Chinese scientists have recently succeeded in creating single-atom-layer metals with a thickness of just one 200,000th of the diameter of a human hair, an achievement expected to pioneer a new realm of two-dimensional (2D) metal research and trigger material innovation.

The study was conducted by a research team at the Chinese Academy of Sciences' Institute of Physics (IOP) and was published in the latest issue of the Nature academic journal.

Since the discovery of monolayer graphene in 2004, 2D materials have revolutionized our understanding of materials and driven breakthroughs in condensed matter physics and material science. Over the past 20 years, the family of 2D materials has expanded rapidly, including hundreds of experimentally accessible 2D materials and nearly 2,000 theoretically predicted materials.

However, the creation of 2D metals has been extremely difficult due to the strong metallic bonds between atoms in all directions, said Zhang Guangyu, a leading scientist on the IOP research team.

By developing an atomic-scale manufacturing method, the van der Waals squeezing method, the research team was able to create diverse 2D metals, including bismuth, tin, lead, indium and gallium.

"The thickness of these 2D metals is just one millionth of a piece of A4 paper and one 200,000th of the diameter of a human hair.

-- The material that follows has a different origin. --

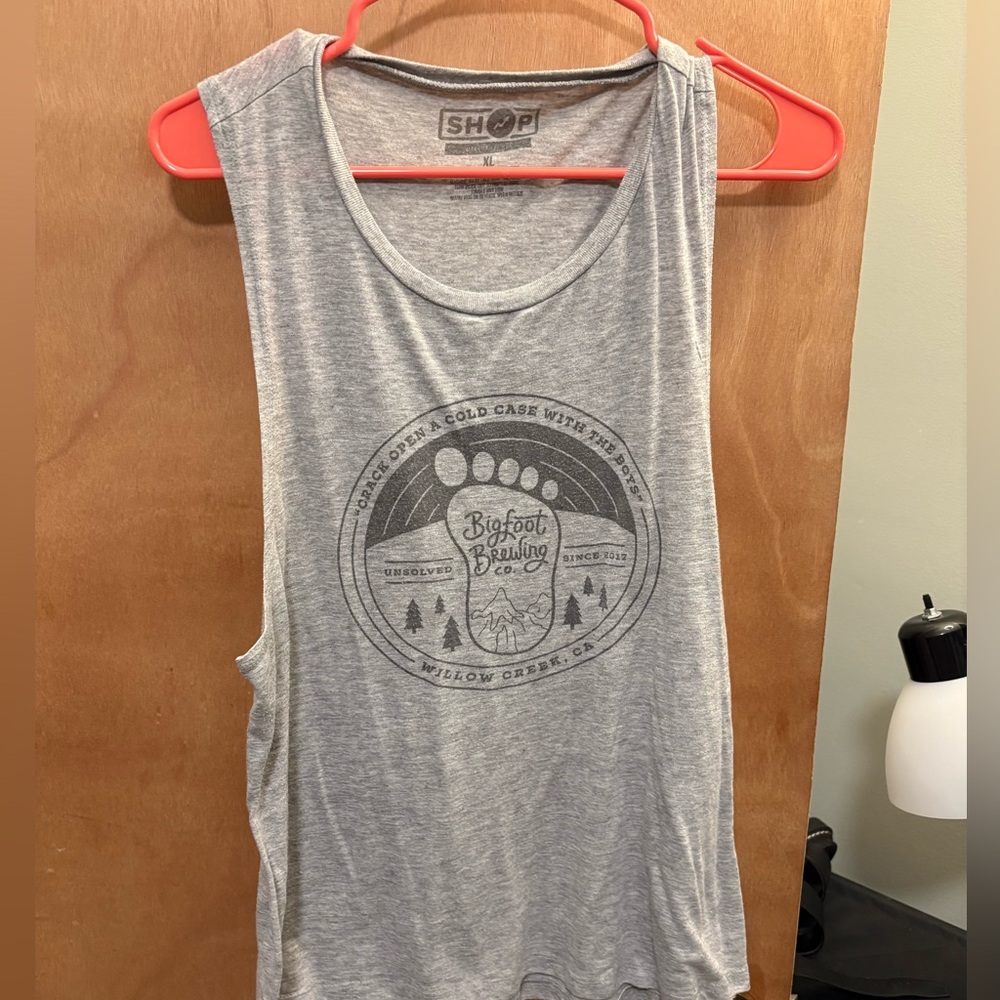 Buzzfeed Unsolved Bigfoot Brewery Tank, XL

If a 3-meter-long metal cube were pressed into a single-atom layer, it would cover the entire ground surface of Beijing," Zhang said.

International reviewers have hailed this work as a major advance in the study of 2D materials.

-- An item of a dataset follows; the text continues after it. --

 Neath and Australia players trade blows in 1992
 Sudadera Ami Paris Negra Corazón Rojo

Du Luojun, a member of the research team, said that this achievement fills a significant gap in the 2D materials family and will promote theoretical, experimental and technological advances.

"Just as 3D metals drove the copper, bronze and iron ages, 2D metals could propel the next stage of human civilization, bringing technological innovations in numerous fields, such as ultra-micro low-power transistors, high-frequency devices, transparent displays, ultra-sensitive detection and highly efficient catalysis," Zhang said.